What you should do
From the data below, return only the lines from the one with "So doing this, using" through the one with "Hello everyone and", exact and inclusive, with pictures left out.

Records supplied
+++
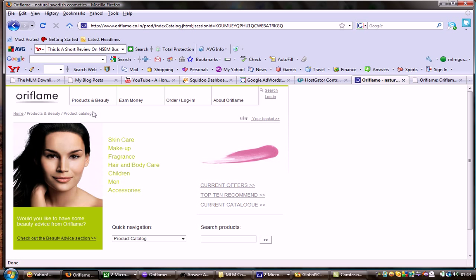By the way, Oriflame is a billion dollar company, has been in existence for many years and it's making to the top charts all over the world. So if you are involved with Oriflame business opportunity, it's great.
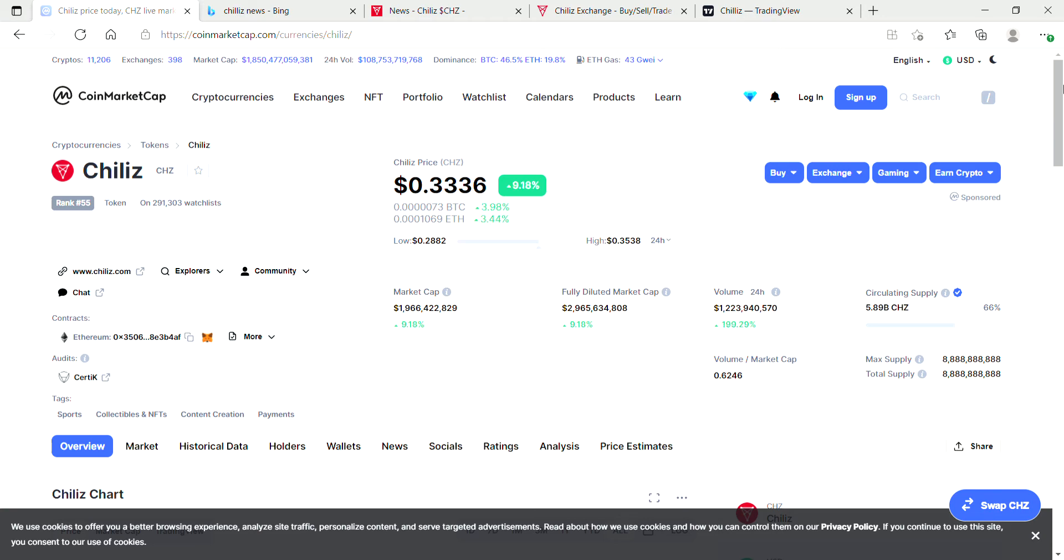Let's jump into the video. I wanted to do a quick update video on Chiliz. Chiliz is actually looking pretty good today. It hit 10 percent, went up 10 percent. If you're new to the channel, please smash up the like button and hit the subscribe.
+++
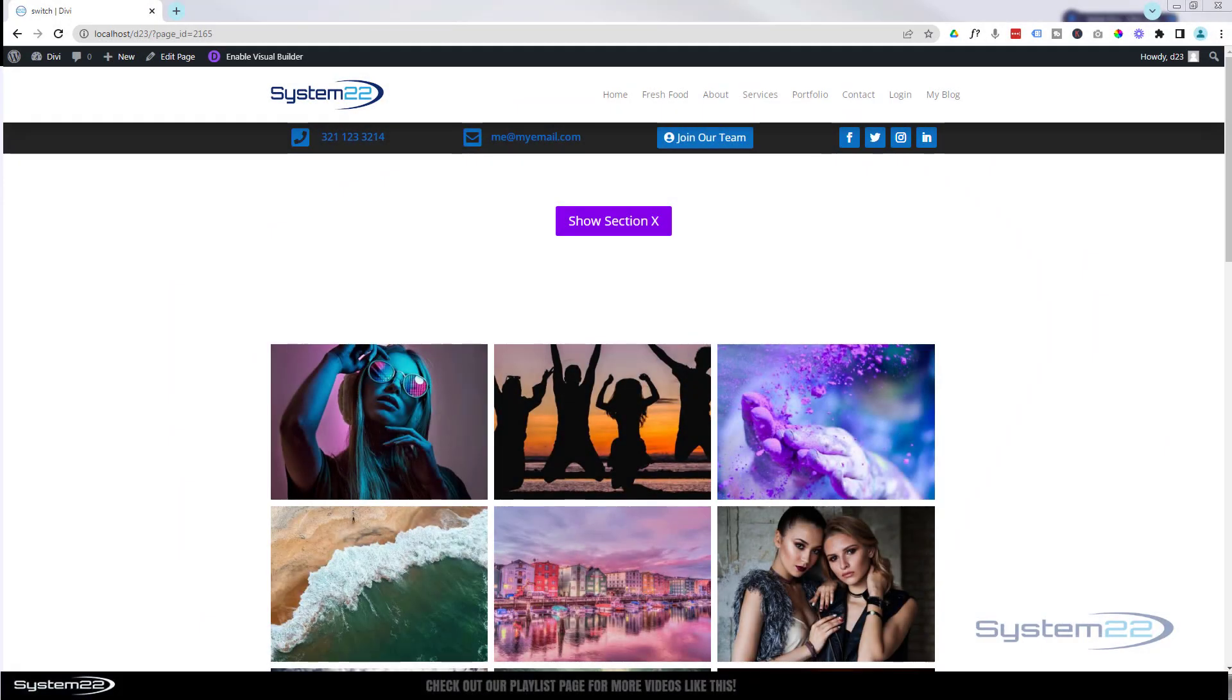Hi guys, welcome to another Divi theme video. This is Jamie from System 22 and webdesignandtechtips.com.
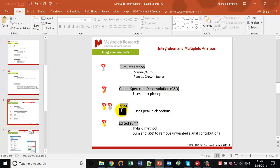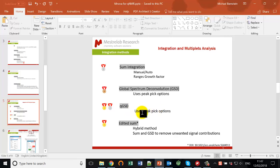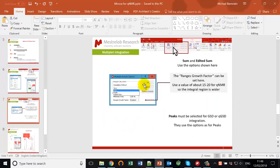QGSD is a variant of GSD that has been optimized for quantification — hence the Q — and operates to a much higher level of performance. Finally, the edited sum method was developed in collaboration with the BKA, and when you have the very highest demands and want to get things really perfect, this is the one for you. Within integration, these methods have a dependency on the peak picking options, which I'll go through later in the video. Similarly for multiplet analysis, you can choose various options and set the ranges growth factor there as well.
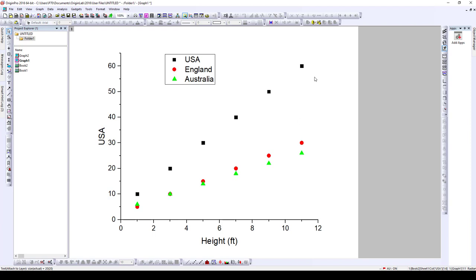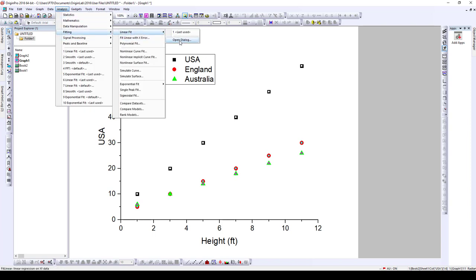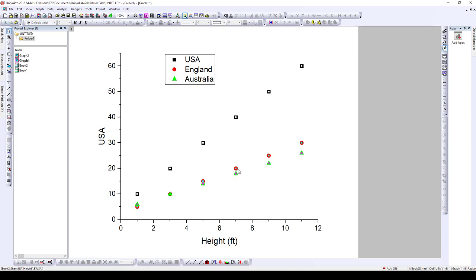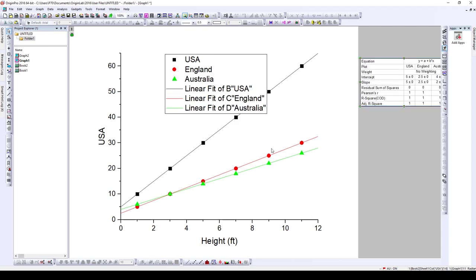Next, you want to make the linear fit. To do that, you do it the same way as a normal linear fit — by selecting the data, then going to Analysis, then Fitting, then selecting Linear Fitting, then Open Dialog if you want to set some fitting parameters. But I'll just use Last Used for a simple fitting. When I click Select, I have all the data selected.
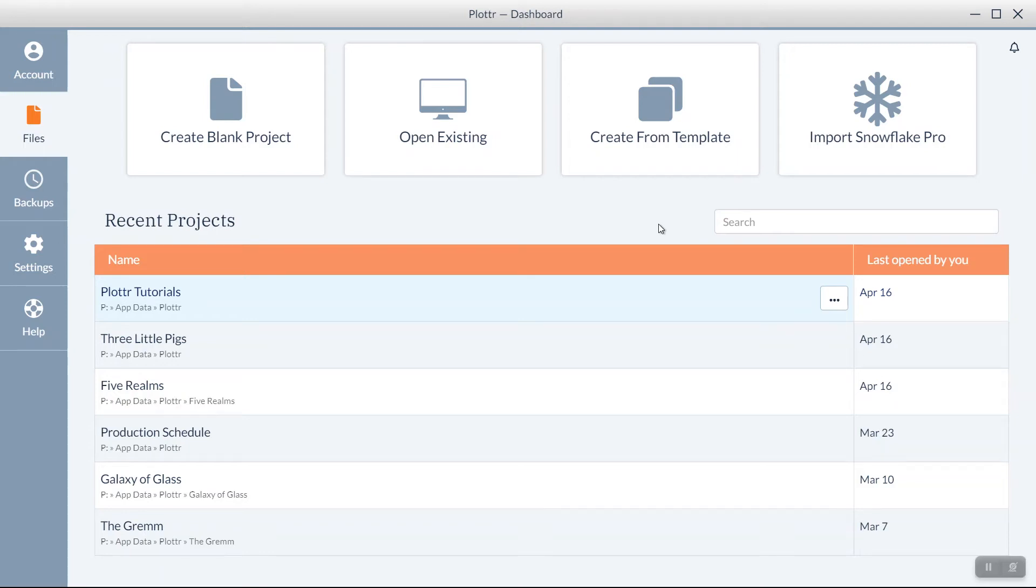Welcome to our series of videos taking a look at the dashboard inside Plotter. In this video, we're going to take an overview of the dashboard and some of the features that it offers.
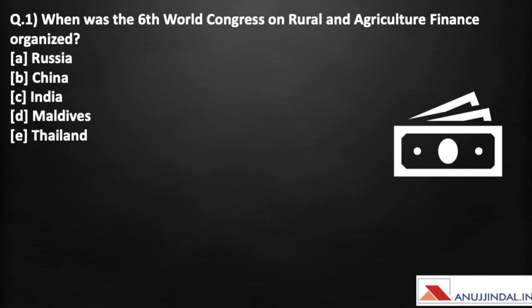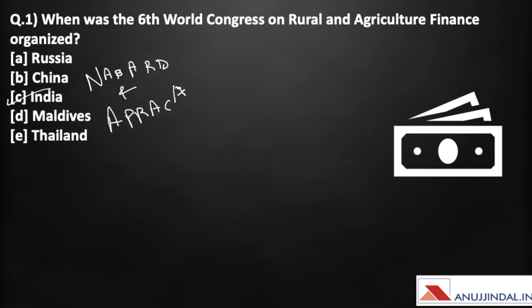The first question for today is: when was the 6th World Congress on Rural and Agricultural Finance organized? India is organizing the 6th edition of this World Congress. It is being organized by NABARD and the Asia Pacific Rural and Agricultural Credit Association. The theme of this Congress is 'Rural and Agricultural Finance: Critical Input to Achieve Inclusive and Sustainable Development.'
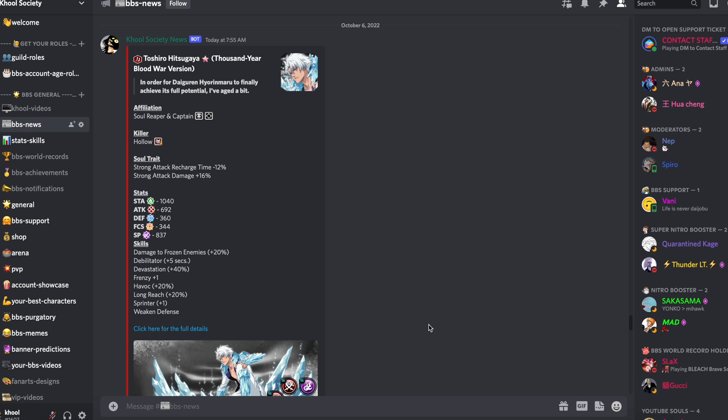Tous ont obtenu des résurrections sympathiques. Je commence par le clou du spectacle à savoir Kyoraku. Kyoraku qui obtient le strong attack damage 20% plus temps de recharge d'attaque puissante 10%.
+++
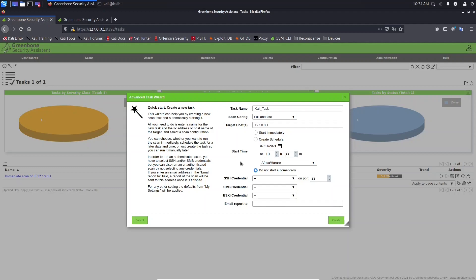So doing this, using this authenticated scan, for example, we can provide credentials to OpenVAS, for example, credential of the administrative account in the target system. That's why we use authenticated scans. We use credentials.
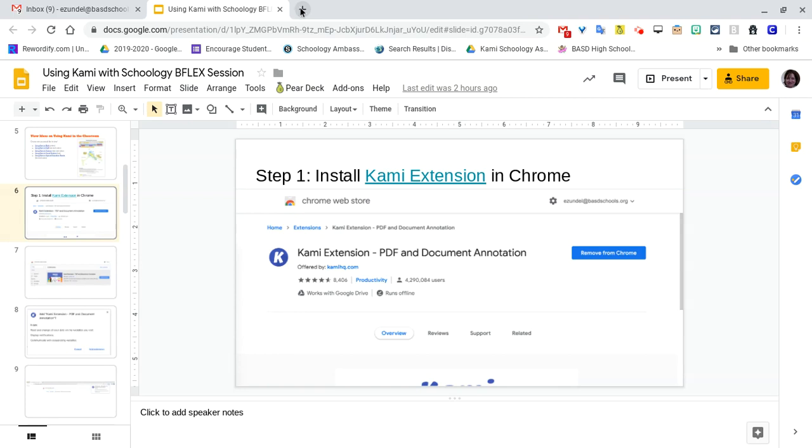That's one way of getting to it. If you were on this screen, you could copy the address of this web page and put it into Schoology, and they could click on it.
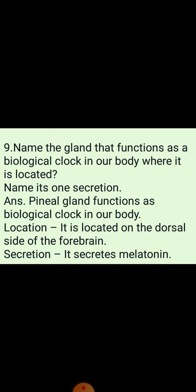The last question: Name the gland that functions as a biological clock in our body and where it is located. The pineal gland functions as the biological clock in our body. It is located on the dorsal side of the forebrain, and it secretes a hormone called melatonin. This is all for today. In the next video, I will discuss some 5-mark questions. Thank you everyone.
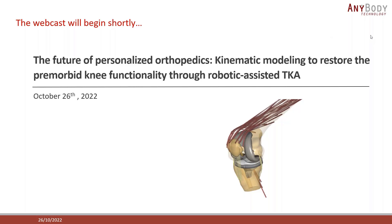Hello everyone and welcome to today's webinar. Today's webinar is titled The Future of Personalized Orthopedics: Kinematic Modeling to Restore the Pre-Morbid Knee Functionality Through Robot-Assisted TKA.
+++
Your response
So doing this, using this authenticated scan, for example, we can provide credentials to OpenVAS, for example, credential of the administrative account in the target system. That's why we use authenticated scans. We use credentials.
That's one way of getting to it. If you were on this screen, you could copy the address of this web page and put it into Schoology, and they could click on it.
The last question: Name the gland that functions as a biological clock in our body and where it is located. The pineal gland functions as the biological clock in our body. It is located on the dorsal side of the forebrain, and it secretes a hormone called melatonin. This is all for today. In the next video, I will discuss some 5-mark questions. Thank you everyone.
Hello everyone and welcome to today's webinar. Today's webinar is titled The Future of Personalized Orthopedics: Kinematic Modeling to Restore the Pre-Morbid Knee Functionality Through Robot-Assisted TKA.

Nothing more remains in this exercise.